Ab 30. Oktober, nach dem Abfall nicht mehrheitlich deutschsprachiger Gebiete, gaben er und seine Minister die deutschösterreichischen Geschäfte an den neuen deutschösterreichischen Staatsrat bzw. die von ihm eingesetzte Staatsregierung Renner I ab.[11]

Am 9. November, als die Abdankung Wilhelms II. bekanntgegeben wurde, befasste sich der Ministerrat unter Lammaschs Vorsitz in zwei Sitzungen mit den Folgen für die monarchische Staatsform in Österreich. An den Beratungen nahmen teilweise auch Karl Renner und Karl Seitz als Repräsentanten Deutschösterreichs teil.

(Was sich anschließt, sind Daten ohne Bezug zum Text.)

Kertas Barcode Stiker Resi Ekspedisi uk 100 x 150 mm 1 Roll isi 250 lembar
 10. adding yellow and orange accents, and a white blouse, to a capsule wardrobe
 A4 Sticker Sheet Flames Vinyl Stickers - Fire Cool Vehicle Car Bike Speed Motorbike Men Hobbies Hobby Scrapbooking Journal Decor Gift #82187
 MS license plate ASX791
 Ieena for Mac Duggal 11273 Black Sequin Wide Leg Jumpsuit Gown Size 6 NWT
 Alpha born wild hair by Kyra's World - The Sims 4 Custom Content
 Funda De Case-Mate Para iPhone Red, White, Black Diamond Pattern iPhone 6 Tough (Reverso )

Hier wurde die Proklamation des Kaisers im Detail entworfen, unter anderen von Lammasch selbst, und redigiert. Tags darauf, am 10. November, kündigte Renner an, der Staatsrat werde am 11. November den Antrag an die Provisorische Nationalversammlung für Deutschösterreich beschließen, die Republik einzuführen. Lammasch konferierte daher noch am selben Tag neuerlich mit dem Kaiser.[14]

 
Die Verzichts­erklärung Kaiser Karls vom 11. November 1918, gegengezeichnet von Heinrich Lammasch als Ministerpräsident.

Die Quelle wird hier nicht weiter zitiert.